Kelly Rowland singles chronology
| "Ghetto" (2007) | "Work" (2008) | "Daylight" (2008) |

= Work (Kelly Rowland song) =

2008 single by Kelly Rowland

"Work" is a song by American recording artist Kelly Rowland. It was written by Rowland along with Scott Storch and Jason "Poo Bear" Boyd for her second studio album, Ms. Kelly (2007), while production was helmed by Storch and Boyd. An up-tempo party record that displays elements of funk and go-go, "Work" is composed in the key of E♭ minor. Lyrically, the song speaks of a woman who affirms to her man that actions speak louder than words and that she is not a woman who is easy to get to.

Intended to be released as Ms. Kellys lead single at one time or another, "Work" was eventually released as the album's second single during the first quarter of 2008 in most international music markets, excluding North America, where "Ghetto" featuring rapper Snoop Dogg was issued instead. Prominently pushed by a bhaṅgṛā-infused dance pop remix by British DJ duo Freemasons, which, according to Rowland, gave it "new life", "Work" enjoyed major commercial success and eventually became Rowland's best-charting solo single in years, reaching the top-ten in Australia, Finland, France, Greece, Italy, Switzerland, Turkiye and the United Kingdom.

"Work" was acclaimed by music critics who highlighted the pulsating beat, suggestive lyrics, and the fast and stuttered style in which Rowland sings. The music video for "Work" was filmed in Los Angeles and directed by Philip Andelman. It shows Rowland and her dancers posed in silhouette and shot against backdrops of vivid color and beam lighting that is used to create kaleidoscope effects. "Work" was part of Rowland's set list for her Ms. Kelly Tour.

==Writing and recording==
"Work" was written by Rowland, Scott Storch and his protégé Jason "Poo Bear" Boyd. The song is one out of two tracks which the trio crafted for Ms. Kelly and was among eight new tracks that Rowland recorded near completion in 2006 for the revamped version of My Story, the album's actual version. Conceived during a studio session at The Hit Factory in Miami, Rowland, Storch and Boyd began to work on melodic ideas for the song over an instrumental track by Storch. With most of its lyrics being written after returning from a night out in the city, composing for "Work" was eventually finished in "like twenty minutes," according to Rowland. The team returned the next day for vocal recording. Vocal production was helmed by Rowland and Boyd, while engineering was overseen by Conrad Golding and Rommel Nino Villanueva with assistance by Vadim Chislov. Mixing was handled Jason Goldstein; Christian Baker served as his assistant. Storch and Boyd received producer and co-producer credits, respectively.

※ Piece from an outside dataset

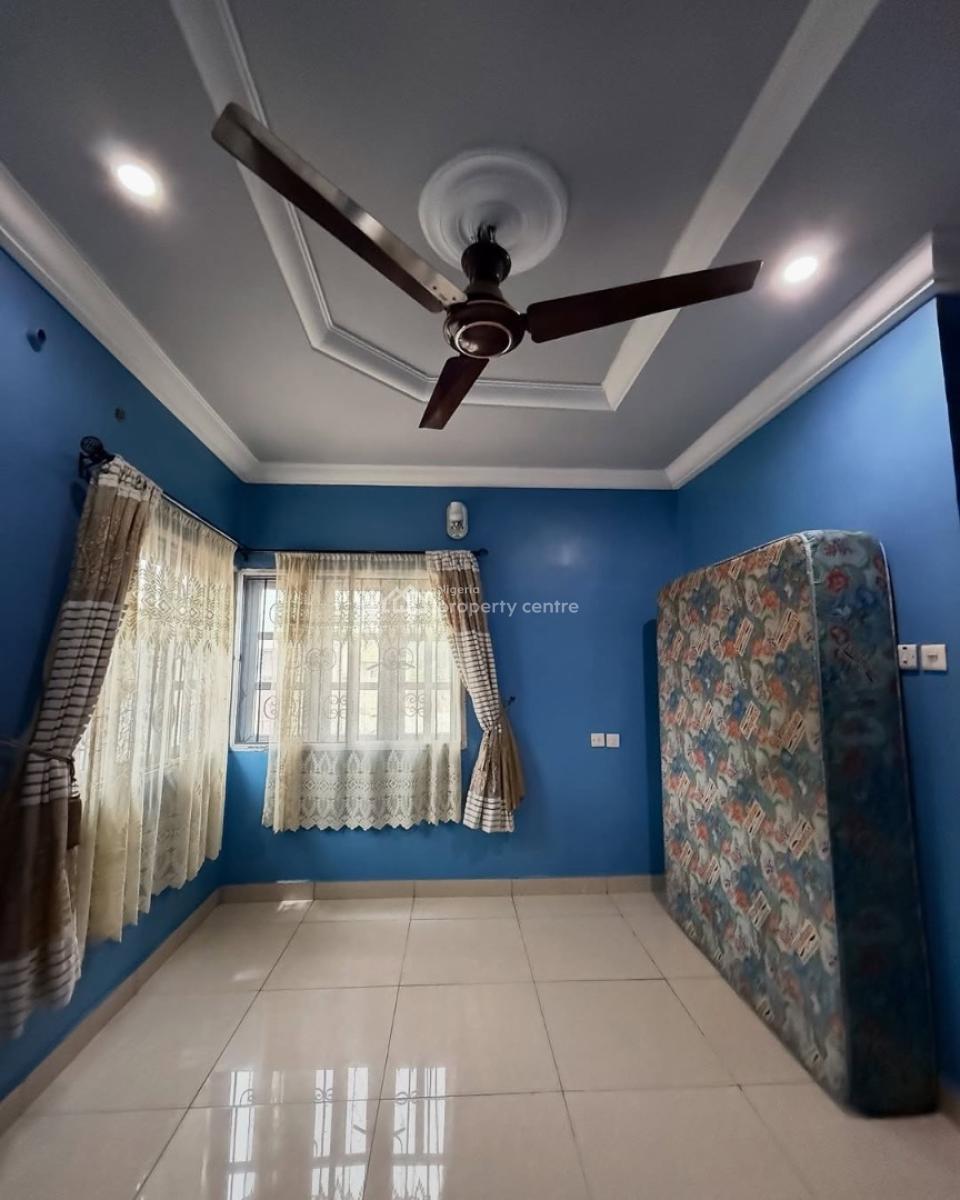 6 Bedroom Duplex on 600sqm Plots with a Gate House, Farm Road 2, Eliozu, Port Harcourt, Rivers, Detached Duplex for Sale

Initially titled "Put It in", Rowland has described the song as "a party record, a record that'd make you get up and dance." An up-tempo composition featuring funk production and go-go elements, it is composed in E♭ minor and moves at a moderate tempo of 104 beats per minute. Set in common time, "Work" is written in the common verse-chorus form. When asked if the song was about sexual intercourse in a 2008 interview with music website Popjustice, Rowland commented: "Oh no, it's actually very innocent [...] It's a little aggressive maybe. It's just a woman saying you can't catch me easy and you have to put in the work. It's about putting in work – that's it, of course.." However, in 2010, she admitted that she previously shied away from explaining the true nature of the lyrics to the song, telling British gay lifestyle magazine Attitude: "The lyrics are very sexy, they were out of the box for me [...] But I've grown into my sexuality and I'm very comfortable with it. OK, yes, it means exactly what you think it means! I've never told anybody that, but yes, it's exactly what you think it is [...] I remember when the writer was writing it and he was like, 'Put it in, put it in', and I said, 'This is a nasty record'."

==Critical reception==
"Work" was highly acclaimed by music critics. In his review for New York Post, writer Dan Aquilante named "Work" Ms. Kellys best track, calling it an "upbeat record that soulfully delves into contemporary funk." Spence D. of media website IGN observed that the song flipped the early musical script of the album "for a hot minute, going for a more driven, throbbing thrust over which Rowland's flitters and flirts." He further said that "it showcases her strengths, but also still highlights her delicate vocal limitations. It's a sticky wicket that bumps while breaking down." Guardian journalist Alex MacPherson wrote that "the caffeinated 'Work' is the best [of] three club bangers on Ms. Kelly," while That Grape Juice cited it as "one of many highlights; with a pulsating beat and deliberately suggestive lyrics, Rowland doesn’t hold back." RWD editor Emmanuel Ezugwu found "Work" a "high energy track that will undoubtedly be a future club banger. The constant cow bells adds to the frenzied pace of the record and Kelly’s vocals are fast and stuttered."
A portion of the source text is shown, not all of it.